The code is as follows:
void h(int ** a, int b){
for(int x=1; x<=b; x++)
for(y=1; y<=b; y++)
a[x-1][y-1]= (i/j)*(j/i);
}
I dont understand how this code works as:
1) y is never declared in the for loop.
2) the arithmetic of i and j doesn't make sense to me either if i and j are not declared.
I originally thought this was a intake and that i and j are just x and y. But if that was the case the question would have been very easy compared to any other i have already completed.
The code is probably intended to create an identity matrix with 1's on the leading diagonal and 0's elsewhere.
The Fortran equivalent of that code is used as the first example of bad code in the classic Elements of Programming Style by Kernighan and Plauger.
Working from memory, the Fortran code was roughly:
DO 10 I = 1, N
DO 10 J = 1, N
10 A(I,J) = (I/J)*(J/I)
(There might have been two labels, 10 and 20 say, and one or two continue statements, but I think it was like that. At the time, columns 1-5 were reserved for numeric labels, column 6 was a continuation indicator, and the program occupied columns 7-72, with columns 73-80 being an optional statement sequence number.)
Since y is used but not declared, if it compiles, y must be an external variable (either a global variable or a variable with file scope: extern int y; or int y; or static int y; outside the function).

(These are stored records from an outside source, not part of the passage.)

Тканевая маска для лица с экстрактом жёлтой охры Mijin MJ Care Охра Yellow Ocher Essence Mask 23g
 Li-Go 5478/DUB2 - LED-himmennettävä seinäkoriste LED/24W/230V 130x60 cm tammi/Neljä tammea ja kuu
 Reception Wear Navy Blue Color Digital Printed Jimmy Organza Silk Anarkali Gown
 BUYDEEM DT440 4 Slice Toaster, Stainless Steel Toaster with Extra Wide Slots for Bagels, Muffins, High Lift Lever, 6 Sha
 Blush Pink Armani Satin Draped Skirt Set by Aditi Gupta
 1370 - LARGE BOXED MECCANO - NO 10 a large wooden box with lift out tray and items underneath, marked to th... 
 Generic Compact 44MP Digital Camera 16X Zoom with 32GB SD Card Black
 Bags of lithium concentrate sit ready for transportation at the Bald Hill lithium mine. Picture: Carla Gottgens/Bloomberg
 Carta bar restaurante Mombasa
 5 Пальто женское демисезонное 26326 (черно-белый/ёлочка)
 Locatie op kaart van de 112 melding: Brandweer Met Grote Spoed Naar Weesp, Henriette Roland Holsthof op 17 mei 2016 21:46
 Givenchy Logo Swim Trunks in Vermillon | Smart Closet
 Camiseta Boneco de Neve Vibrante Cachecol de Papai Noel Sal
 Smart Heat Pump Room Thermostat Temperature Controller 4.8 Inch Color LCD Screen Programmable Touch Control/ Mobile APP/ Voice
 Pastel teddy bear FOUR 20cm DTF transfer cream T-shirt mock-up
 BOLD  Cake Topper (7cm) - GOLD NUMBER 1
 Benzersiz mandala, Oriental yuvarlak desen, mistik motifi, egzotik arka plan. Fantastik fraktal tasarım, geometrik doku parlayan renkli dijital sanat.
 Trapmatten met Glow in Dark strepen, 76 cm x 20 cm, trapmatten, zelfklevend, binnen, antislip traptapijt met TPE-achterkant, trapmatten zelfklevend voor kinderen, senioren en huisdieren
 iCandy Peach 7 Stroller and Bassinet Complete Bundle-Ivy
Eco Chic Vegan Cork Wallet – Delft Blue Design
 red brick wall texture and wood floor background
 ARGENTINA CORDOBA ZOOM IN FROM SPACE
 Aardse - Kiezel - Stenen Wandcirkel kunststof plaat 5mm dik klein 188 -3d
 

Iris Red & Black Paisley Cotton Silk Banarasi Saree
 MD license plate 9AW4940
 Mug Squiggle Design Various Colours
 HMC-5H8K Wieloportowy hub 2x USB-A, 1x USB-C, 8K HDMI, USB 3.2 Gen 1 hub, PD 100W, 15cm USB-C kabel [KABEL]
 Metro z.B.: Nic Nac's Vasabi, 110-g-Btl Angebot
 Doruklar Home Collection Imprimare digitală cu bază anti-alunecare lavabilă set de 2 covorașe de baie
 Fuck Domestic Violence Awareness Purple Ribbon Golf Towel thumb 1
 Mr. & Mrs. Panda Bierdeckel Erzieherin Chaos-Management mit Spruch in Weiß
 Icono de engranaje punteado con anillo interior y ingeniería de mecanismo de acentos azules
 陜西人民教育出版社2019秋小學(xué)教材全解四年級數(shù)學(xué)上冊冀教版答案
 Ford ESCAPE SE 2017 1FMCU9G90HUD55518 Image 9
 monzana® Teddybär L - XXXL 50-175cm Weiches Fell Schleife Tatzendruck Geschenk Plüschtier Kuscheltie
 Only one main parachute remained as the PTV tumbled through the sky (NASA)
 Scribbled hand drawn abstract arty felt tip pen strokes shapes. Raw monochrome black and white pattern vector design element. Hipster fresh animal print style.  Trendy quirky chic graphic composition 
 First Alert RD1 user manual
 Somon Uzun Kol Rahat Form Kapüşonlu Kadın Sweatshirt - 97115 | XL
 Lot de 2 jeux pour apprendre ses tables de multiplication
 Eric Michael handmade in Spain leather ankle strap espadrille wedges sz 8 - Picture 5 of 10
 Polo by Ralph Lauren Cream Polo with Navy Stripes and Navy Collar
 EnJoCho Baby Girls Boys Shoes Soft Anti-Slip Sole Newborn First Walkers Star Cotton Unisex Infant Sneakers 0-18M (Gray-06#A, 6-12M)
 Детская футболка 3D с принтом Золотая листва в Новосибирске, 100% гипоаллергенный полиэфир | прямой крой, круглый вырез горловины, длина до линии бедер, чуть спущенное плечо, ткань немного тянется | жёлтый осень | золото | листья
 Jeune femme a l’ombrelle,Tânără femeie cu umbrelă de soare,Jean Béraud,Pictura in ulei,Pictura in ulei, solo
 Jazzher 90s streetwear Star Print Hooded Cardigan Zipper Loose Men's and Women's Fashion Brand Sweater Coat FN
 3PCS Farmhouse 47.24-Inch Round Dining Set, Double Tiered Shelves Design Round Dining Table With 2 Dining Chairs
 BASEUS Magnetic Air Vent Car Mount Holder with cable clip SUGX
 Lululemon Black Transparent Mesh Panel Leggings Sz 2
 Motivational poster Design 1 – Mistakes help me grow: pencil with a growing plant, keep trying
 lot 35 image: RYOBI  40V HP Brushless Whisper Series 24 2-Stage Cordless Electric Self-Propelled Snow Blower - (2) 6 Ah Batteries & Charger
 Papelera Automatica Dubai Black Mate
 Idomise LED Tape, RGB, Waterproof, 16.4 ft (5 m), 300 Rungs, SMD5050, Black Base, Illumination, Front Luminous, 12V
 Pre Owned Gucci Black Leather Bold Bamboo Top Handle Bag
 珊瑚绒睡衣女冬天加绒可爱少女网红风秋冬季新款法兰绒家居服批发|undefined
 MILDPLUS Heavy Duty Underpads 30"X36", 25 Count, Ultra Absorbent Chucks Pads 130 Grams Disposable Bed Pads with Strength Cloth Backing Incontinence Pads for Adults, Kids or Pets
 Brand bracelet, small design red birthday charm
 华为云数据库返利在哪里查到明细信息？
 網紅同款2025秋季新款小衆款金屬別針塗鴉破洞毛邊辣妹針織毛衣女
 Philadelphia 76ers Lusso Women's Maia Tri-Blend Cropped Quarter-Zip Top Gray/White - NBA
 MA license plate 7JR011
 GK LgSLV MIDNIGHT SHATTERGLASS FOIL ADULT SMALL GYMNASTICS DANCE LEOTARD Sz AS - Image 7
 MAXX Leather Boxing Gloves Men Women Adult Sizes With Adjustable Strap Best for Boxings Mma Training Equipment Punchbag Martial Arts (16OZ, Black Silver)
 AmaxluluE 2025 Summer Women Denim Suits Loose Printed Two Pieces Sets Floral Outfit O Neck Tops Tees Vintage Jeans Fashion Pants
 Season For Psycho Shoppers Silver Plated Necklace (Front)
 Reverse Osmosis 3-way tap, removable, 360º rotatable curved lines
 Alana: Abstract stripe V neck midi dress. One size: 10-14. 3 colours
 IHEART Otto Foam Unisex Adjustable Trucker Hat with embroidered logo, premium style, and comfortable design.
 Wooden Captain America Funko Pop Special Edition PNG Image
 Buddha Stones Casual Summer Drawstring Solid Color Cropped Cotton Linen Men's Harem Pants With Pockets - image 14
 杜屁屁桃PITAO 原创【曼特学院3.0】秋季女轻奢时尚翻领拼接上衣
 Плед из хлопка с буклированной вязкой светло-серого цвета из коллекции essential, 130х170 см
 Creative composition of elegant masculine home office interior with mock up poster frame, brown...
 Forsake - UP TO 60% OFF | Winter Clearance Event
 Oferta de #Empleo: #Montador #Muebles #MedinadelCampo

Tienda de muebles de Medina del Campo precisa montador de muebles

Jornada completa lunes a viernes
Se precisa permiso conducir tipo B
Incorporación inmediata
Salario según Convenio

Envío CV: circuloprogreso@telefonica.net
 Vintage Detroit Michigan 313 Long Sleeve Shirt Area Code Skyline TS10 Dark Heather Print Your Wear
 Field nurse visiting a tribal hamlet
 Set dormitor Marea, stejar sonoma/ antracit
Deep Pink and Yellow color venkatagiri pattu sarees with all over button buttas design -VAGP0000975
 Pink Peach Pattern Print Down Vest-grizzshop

Since i and j are used but not declared, if it compiles, they too must be external variables. And given that neither i nor j is changed, the same value (either 0 or 1, depending on whether i != j) is in fact assigned to each element of a.
The more nearly 'correct' code implementing the same (bad) algorithm should be:
void h(int **a, int b)
{
for (int x = 1; x <= b; x++)
for (int y = 1; y <= b; y++)
a[x-1][y-1] = (x/y)*(y/x);
}
Of course, this is not very C-like, but it does avoid divide-by-zero problems. However, cleaner and simpler code can be written:
void h(int **a, int b)
{
for (int x = 0; x < b; x++)
{
for (int y = 0; y < b; y++)
a[x][y] = 0;
a[x][x] = 1;
}
}
The function should be renamed to something more meaningful.
To complete the answer given above, all the undeclared variables should been understood to have been declared in a larger scope. If you are sure that it is indeed i and j (and both are int) then it will be a zero matrix or a martix of ones(if i = j ).